Un film de Eiji Han Shimizu

Derrière les apparences…

Après que son père ait disparu et que le reste de sa famille ait été envoyé dans un camp pour prisonniers politiques, tristement célèbre, en Corée du Nord, un jeune garçon va devoir apprendre à survivre dans des conditions difficiles, trouver un sens à sa périlleuse existence, et peut-être même s’échapper…

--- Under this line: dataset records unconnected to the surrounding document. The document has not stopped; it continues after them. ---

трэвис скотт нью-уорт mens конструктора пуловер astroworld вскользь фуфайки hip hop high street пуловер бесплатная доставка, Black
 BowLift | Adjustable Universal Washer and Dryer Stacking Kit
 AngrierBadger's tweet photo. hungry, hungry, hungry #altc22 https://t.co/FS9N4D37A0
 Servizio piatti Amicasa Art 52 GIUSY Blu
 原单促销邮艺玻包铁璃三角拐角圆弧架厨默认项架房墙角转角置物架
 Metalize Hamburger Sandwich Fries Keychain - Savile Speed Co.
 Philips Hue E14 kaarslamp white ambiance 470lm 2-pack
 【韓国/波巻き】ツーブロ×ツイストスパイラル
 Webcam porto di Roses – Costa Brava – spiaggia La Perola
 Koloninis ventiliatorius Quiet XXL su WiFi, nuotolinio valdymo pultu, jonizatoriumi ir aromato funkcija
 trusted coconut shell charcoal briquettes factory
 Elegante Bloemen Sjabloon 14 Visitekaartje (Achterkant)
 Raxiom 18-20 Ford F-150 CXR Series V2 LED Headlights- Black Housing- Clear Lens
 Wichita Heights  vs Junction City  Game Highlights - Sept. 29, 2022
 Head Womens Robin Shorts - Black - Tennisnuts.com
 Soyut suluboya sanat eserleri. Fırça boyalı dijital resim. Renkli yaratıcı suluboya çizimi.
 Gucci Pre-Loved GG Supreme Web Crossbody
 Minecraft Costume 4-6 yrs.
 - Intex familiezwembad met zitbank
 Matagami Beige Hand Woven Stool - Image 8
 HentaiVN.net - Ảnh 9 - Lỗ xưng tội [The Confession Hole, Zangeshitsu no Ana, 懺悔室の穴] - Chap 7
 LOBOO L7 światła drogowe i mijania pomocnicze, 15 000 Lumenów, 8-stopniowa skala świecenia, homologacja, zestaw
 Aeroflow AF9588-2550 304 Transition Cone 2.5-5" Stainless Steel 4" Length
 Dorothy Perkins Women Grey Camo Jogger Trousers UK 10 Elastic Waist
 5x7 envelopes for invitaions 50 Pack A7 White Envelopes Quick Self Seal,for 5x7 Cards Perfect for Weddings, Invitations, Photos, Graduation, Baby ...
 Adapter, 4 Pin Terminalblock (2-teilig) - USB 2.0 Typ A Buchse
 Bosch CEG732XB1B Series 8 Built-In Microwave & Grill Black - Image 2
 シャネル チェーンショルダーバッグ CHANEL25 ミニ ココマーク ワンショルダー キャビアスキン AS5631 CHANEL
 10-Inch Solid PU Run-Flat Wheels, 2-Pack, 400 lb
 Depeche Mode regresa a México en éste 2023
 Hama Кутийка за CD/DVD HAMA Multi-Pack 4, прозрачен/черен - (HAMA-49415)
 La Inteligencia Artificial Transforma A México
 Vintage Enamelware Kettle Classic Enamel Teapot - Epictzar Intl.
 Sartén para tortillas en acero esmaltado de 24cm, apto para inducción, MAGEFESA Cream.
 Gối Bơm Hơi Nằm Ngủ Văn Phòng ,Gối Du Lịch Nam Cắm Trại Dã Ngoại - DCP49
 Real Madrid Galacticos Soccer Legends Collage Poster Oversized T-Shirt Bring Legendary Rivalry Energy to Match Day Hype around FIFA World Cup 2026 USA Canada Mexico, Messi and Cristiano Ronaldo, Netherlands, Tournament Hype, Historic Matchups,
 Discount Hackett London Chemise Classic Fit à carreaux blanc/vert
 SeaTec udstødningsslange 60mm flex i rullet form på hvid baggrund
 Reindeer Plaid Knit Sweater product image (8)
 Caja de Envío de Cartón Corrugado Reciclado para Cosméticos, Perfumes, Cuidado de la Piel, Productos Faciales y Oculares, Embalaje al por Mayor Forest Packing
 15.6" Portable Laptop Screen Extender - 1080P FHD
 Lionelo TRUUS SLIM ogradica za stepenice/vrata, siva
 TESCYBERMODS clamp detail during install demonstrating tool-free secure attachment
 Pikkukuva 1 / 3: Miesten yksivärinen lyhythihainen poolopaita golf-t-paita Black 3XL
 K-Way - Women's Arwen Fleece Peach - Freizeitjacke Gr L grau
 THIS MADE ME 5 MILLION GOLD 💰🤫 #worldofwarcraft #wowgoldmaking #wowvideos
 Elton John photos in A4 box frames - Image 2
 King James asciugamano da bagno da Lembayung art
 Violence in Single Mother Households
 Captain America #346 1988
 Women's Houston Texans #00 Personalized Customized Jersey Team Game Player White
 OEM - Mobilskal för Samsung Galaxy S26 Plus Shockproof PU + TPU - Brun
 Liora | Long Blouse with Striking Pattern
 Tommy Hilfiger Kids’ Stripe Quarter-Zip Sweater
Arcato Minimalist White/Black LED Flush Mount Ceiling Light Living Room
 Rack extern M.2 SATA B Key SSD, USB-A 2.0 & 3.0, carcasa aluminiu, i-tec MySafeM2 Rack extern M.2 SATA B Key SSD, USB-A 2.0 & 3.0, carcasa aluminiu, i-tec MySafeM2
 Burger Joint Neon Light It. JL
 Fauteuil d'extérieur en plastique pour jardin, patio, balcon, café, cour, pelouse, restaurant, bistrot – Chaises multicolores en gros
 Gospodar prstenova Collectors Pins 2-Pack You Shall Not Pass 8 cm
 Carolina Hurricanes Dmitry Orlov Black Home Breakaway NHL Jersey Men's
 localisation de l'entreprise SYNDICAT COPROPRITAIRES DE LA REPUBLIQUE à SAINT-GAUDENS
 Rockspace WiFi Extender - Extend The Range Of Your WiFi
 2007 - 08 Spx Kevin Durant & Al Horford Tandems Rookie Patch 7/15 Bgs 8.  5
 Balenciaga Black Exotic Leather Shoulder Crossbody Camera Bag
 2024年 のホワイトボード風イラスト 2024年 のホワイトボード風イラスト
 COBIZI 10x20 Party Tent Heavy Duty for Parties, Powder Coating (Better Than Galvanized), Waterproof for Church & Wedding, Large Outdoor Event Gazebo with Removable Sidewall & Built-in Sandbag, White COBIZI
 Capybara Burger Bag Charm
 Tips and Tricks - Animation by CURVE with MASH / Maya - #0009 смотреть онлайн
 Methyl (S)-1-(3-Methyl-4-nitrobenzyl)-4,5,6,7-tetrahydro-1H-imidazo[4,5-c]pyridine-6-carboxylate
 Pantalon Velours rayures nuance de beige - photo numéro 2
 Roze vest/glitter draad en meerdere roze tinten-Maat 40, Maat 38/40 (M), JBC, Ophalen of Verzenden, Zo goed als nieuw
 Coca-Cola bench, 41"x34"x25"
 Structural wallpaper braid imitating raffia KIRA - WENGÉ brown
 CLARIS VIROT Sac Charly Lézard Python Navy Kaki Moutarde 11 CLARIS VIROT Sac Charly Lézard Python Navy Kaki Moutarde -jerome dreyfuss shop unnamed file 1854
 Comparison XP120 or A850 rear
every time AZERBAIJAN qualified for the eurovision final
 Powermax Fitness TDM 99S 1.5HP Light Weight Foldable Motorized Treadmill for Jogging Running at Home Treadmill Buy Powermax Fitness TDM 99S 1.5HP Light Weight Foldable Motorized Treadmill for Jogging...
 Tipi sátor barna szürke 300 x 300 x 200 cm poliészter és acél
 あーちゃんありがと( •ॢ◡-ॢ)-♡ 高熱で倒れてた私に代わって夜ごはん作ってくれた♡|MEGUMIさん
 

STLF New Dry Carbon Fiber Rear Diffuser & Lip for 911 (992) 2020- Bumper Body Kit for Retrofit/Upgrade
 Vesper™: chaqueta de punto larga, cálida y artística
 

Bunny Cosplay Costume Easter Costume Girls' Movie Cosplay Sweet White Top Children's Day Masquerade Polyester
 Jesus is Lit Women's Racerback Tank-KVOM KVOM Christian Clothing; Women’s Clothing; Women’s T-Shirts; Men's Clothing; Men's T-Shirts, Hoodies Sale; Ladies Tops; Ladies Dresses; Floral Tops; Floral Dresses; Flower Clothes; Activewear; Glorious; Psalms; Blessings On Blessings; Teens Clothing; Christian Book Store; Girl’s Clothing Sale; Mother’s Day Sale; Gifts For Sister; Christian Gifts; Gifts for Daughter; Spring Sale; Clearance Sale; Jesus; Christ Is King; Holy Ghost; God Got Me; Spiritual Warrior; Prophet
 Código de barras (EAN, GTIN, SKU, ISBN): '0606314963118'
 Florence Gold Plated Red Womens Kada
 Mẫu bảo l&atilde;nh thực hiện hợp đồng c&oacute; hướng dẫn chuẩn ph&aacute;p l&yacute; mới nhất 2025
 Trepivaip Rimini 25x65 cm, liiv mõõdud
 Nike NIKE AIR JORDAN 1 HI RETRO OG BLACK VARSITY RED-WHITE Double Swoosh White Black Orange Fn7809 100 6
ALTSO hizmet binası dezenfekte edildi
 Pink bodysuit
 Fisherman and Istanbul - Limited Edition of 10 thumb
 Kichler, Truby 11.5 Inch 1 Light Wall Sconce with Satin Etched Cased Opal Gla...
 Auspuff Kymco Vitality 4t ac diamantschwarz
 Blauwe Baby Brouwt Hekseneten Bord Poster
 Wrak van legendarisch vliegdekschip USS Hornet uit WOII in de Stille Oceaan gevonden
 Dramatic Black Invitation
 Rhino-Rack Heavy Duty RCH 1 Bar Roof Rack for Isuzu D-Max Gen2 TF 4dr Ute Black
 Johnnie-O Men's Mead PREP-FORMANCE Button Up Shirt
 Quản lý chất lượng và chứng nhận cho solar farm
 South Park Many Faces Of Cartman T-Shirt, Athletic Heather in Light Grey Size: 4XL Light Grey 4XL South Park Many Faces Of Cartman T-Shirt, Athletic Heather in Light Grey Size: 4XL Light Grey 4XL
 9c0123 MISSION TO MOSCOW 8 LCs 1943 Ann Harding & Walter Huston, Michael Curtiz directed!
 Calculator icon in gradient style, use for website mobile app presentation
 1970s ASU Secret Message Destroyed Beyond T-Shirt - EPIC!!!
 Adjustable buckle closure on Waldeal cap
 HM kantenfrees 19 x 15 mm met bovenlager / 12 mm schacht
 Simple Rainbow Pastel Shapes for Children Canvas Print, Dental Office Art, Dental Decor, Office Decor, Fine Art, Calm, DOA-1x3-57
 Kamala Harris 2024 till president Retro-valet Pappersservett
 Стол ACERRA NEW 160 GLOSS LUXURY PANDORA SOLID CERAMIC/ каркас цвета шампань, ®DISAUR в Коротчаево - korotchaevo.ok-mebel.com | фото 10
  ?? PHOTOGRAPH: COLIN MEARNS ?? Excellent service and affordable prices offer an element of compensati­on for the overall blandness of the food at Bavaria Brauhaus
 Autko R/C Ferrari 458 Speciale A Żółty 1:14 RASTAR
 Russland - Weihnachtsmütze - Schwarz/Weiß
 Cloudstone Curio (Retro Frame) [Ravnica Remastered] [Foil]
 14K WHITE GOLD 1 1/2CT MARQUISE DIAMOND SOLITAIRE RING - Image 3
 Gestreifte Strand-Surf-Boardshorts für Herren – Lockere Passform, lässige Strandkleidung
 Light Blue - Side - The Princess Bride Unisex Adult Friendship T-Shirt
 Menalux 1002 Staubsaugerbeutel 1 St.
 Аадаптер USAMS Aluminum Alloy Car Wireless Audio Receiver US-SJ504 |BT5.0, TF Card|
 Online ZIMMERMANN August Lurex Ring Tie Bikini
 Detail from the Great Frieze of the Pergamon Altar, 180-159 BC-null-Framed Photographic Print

True north film animation image

Sans que l’on sache réellement si cela découle de l’actualité ou d’un pur hasard, la sélection du festival d’Annecy 2020 fut fortement marquée par la prédominance du témoignage historique et politique au sein des films présentés. Relégué dans la section Contrechamp de cette édition Online, "True North" s’inscrit parfaitement dans cette démarche en décrivant le quotidien d’une famille envoyée dans un camp de prisonniers nord-coréens et l’évasion d’un de ses membres qui, des années plus tard, livre son témoignage sur un plateau de télévision. Il faut attendre la scène finale pour que le parti pris narratif de départ – un constat au présent qui lance d’entrée un long flash-back sur les étapes ayant mené à cette évasion – se retrouve tout à coup renversé par un détail trompeur, sorte de parallaxe permettant alors de redéfinir l’enjeu véritable de l’intrigue. Cet effet de surprise est sans doute le point le plus intéressant de ce film avant tout modeste et sincère, qui réussit même à esquiver LE piège qui lui pendait au bout du nez.

Il y a déjà deux ans, en sortant de la projection de "Funan" (grand vainqueur du Cristal du long-métrage cette année-là), on s’énervait à nouveau de cette propension à insister exclusivement sur le manichéisme du contexte et les exactions d’un groupe armé dans le seul but de créer une indignation forcée. Avec un sujet aussi délicat que l’enfer de la vie carcérale, on a l’impression que la subtilité est condamnée à être systématiquement bannie au profit du tire-larmes le plus primaire. Or, le cinéma peut se prévaloir d’outils et de méthodes permettant d’utiliser ce contexte oppressant pour se concentrer sur autre chose – des tas de films l’ont démontré, de "La Liste de Schindler" au "Fils de Saul" en passant par les films de Rithy Panh. Sur "True North", on a quand même droit à une petite surprise : la surprenante douceur du film est corollaire d’une animation figée et d’un récit avant tout illustratif, qui ne force jamais le trait et qui s’en tient à la lecture objective des événements du camp (humiliation, travaux forcés, cérémonies imposées, plans d’évasion, etc…). Le bon point, c’est que ce choix risqué permet au film de retenir son envie d’indignation au lieu de l’appuyer. Le mauvais point, c’est que cela le prive in fine de toute émotion. On regarde donc "True North" comme on feuilletterait un livre d’images, beau et appliqué, avec quelques belles percées symboliques ici et là. Mais vu la finalité du témoignage apporté, le reproche n’a pas lieu d’être.